PROBLEM DESCRIPTION -
Only the lines of the listing below that run from the line with "This is a brand" through the line with "That's pretty much" are to be set down, word for word. Pictures stay out.

DATASET RECORDS -
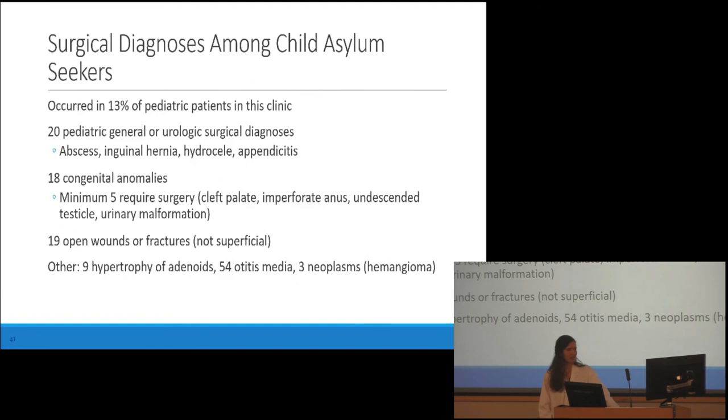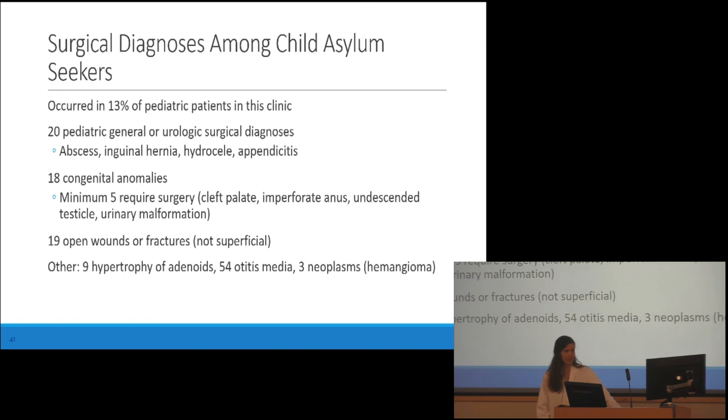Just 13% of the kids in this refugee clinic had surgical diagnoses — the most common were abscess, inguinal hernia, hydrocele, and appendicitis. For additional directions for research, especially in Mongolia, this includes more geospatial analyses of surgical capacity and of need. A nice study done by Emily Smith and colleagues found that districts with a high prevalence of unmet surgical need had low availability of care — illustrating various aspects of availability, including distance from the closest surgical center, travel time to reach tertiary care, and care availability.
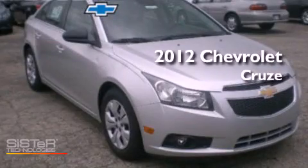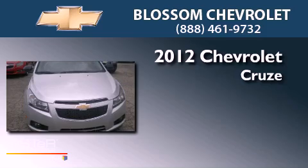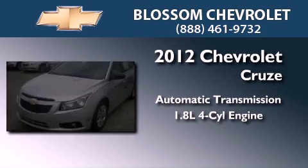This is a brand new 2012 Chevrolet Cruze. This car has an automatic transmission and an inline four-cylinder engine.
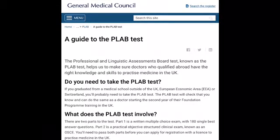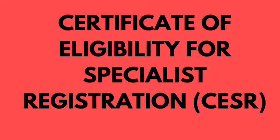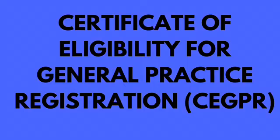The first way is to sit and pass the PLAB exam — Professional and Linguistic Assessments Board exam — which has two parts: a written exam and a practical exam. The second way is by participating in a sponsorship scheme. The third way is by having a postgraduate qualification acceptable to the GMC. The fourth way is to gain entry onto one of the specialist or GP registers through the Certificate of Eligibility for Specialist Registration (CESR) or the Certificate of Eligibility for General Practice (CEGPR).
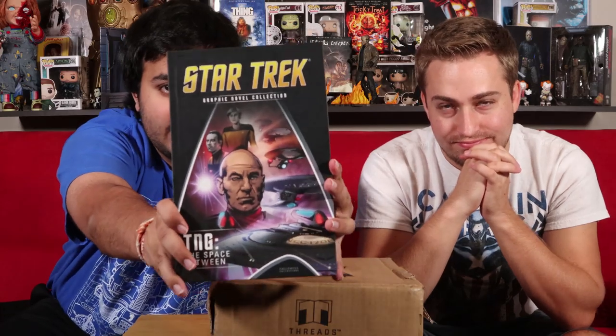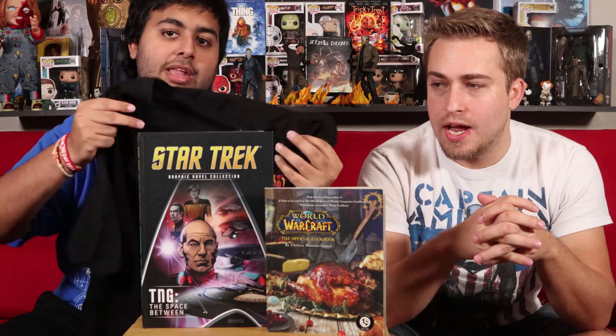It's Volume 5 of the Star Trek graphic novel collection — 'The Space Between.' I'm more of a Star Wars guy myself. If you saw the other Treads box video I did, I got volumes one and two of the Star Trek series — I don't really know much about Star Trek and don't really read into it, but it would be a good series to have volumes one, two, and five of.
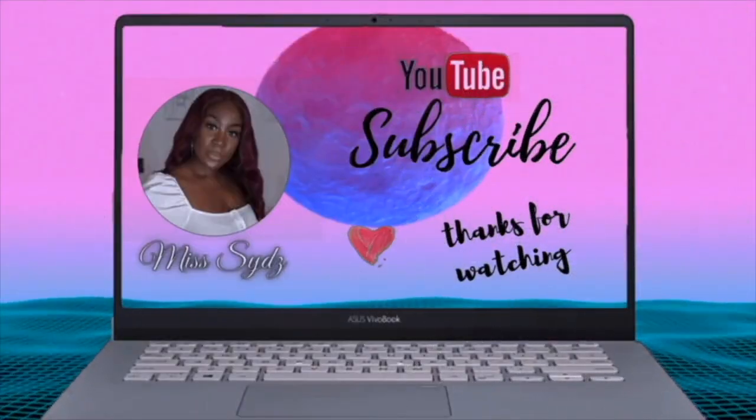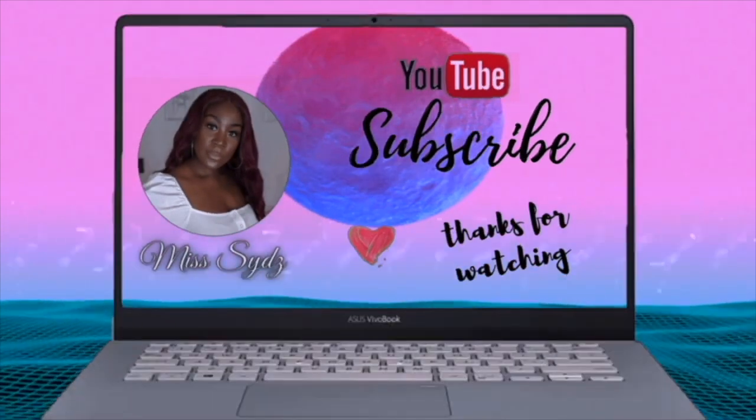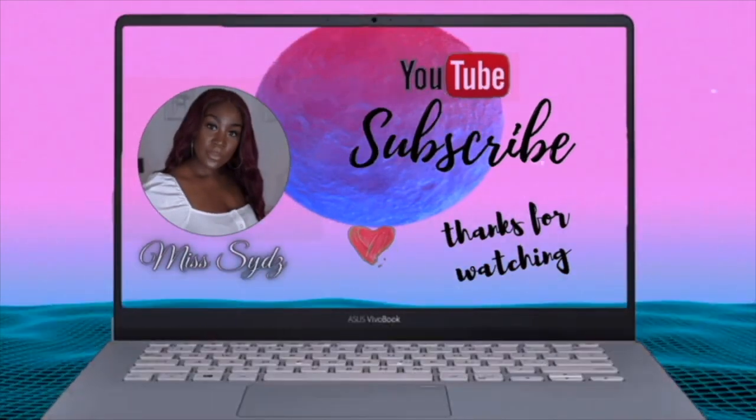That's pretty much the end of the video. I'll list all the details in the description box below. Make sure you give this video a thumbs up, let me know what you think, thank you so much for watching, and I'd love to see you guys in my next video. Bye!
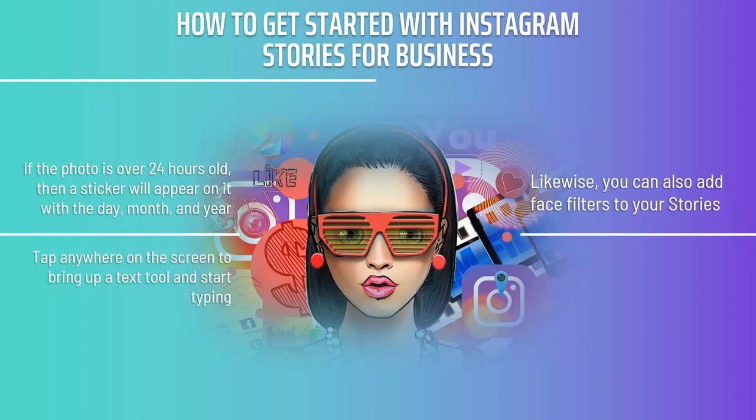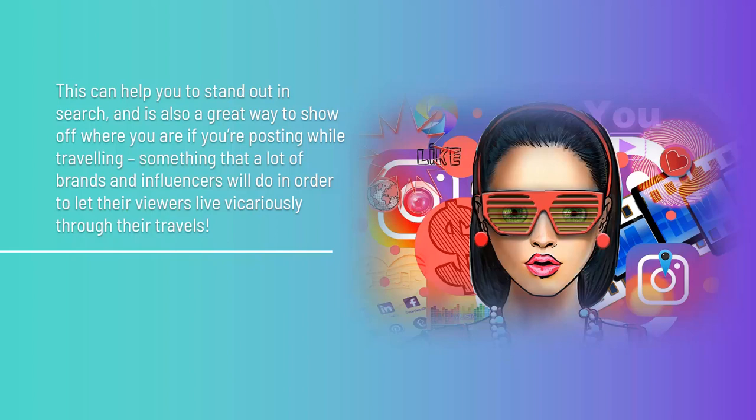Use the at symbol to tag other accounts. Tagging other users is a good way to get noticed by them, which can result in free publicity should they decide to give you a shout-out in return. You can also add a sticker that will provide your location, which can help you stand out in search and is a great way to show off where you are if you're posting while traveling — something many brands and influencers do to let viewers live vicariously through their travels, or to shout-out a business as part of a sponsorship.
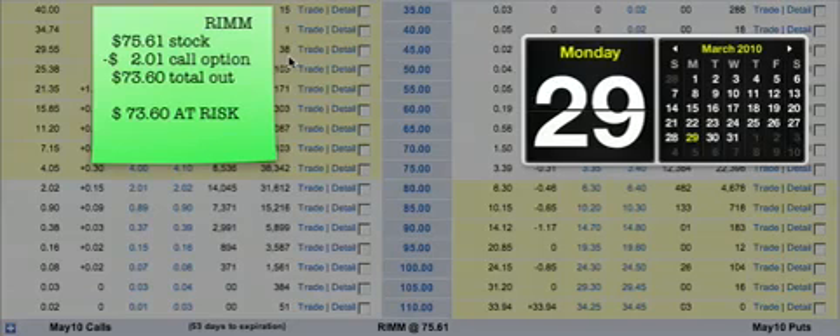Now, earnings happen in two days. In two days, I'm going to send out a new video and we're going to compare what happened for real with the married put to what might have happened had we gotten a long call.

SOLVED PROBLEM -
This is a brand new 2012 Chevrolet Cruze. This car has an automatic transmission and an inline four-cylinder engine.
The first way is to sit and pass the PLAB exam — Professional and Linguistic Assessments Board exam — which has two parts: a written exam and a practical exam. The second way is by participating in a sponsorship scheme. The third way is by having a postgraduate qualification acceptable to the GMC. The fourth way is to gain entry onto one of the specialist or GP registers through the Certificate of Eligibility for Specialist Registration (CESR) or the Certificate of Eligibility for General Practice (CEGPR).
It's Volume 5 of the Star Trek graphic novel collection — 'The Space Between.' I'm more of a Star Wars guy myself. If you saw the other Treads box video I did, I got volumes one and two of the Star Trek series — I don't really know much about Star Trek and don't really read into it, but it would be a good series to have volumes one, two, and five of.
That's pretty much the end of the video. I'll list all the details in the description box below. Make sure you give this video a thumbs up, let me know what you think, thank you so much for watching, and I'd love to see you guys in my next video. Bye!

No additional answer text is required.